However, we’re going into 2018 with a sense of optimism, because 2017 is ending with a rush of good news for #nonewcoalmines.

Here are some highlights we wanted to share with you —

In Australia’s export coal industry >

  • Australia’s biggest and most controversial proposal, the Adani coal mine, is facing a string of setbacks.
  • Queensland Premier Palaszczuk has vetoed a $1 billion proposed loan subsidy from the Northern Australia Infrastructure Facility (NAIF), a decision with wide public support and good economic justification.
  • Major Chinese banks — including the two biggest commercial banks in the world — announced they were not and would not consider funding Adani’s mine. It came days after an Adani director was reported to have boasted the NAIF loan wasn’t needed because Chinese companies would fund it.
  • Major mining services company Downer EDI has walked away from three years or negotiations about providing services to the project. The decision, apparently, was “mutually agreed”.
  • In NSW, the proposed Rocky Hill mine near Gloucester has been knocked back by the Planning Assessment Commission (PAC).
  • National Australia Bank has announced it “will no longer finance new thermal coal mining projects.” Earlier in 2017 Westpac announced it would not fund new coal basins or coal of quality below the Newcastle benchmark — which would rule out the Adani mine.
  • The new Chair of the operators of the Port of Newcastle, the world’s biggest coal port, has outlined “an urgent need to diversify the Hunter economy and the port’s business.”
  • Earlier in the year, the owners of the Port of Newcastle commissioned modelling from Wood MacKenzie, which showed subsidised expansion of new coal supply would suppress coal prices and threaten coal profits and jobs in other basins.

In coal lobbying >

  • In 2017, the Minerals Council of Australia went from getting a lump of coal into the House of Representatives and helping derail a Clean Energy Target, to sacking its CEO and losing numerous member companies. MCA’s coal advocacy was out of all proportion with its diverse membership and desire of some members like BHP to be ‘climate leaders’. BHP will be announcing soon if they will leave the MCA.

In domestic energy >

  • AGL stared down pressure from the Prime Minister to keep the aging Liddell coal power plant open another 5 years, instead announcing a mixture of storage, renewables and gas. Meanwhile, half of Liddell’s boilers are out of action.
  • Origin announced a 50% cut in emissions 2030 — a target they’ll reach by shutting down an aging coal plant on schedule, yet is still far more ambitious than government policy.
  • In a state now without coal, Tesla’s new world’s-largest South Australian battery is showing the market what it can do.
  • And The Australia Institute released research showing fossil fuels fail during heatwaves.
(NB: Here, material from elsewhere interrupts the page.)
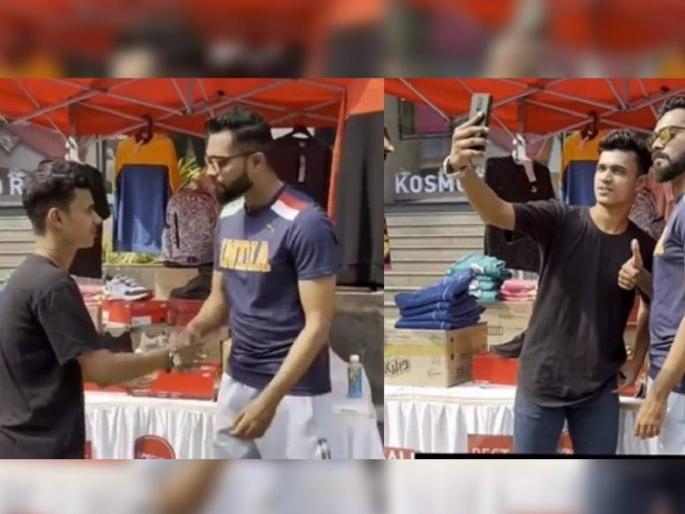 Virat Kohli has exposed the fake Virat selling PUMA products on the streets of Mumbai by posting a story on Instagram           | Virat Kohli: किंग कोहलीने केला 'नकली विराट'चा पर्दाफाश; मुंबईच्या रस्त्यांवर विकायचा PUMA प्रोडक्ट 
During the February 2017 heatwave across south eastern Australia, 14% of fossil generating capacity (3,600 MW) failed during critical peak demand periods in South Australia, New South Wales and Queensland as a result of faults largely related to the heat.

Internationally >

  • Twenty countries — including France, UK, Canada, New Zealand — announced the international Powering Past Coal Alliance, pledging to phase out coal power in their domestic power supply by 2030.
  • ING announced that by 2025 will stop lending to any energy company that uses coal for more than 5% of its energy, while French insurer AXA will stop insuring coal and tar sands and divest from a further Euro 3 billion of coal and tar sands. The threshold they’re using means they will divest from large diversified miners like BHP.
  • The World Bank already won’t fund coal, but has now announced it will no longer fund oil or gas extraction projects.
  • The International Energy Agency’s World Energy Update 2017 shows full energy access, security and affordability can be combined with success under the Paris Agreement. Crucially, “coal demand goes into an immediate decline”, replaced by energy efficiency and low carbon energy.

Don’t get us wrong. Emissions are high and edged up this year, when they need to come down, fast.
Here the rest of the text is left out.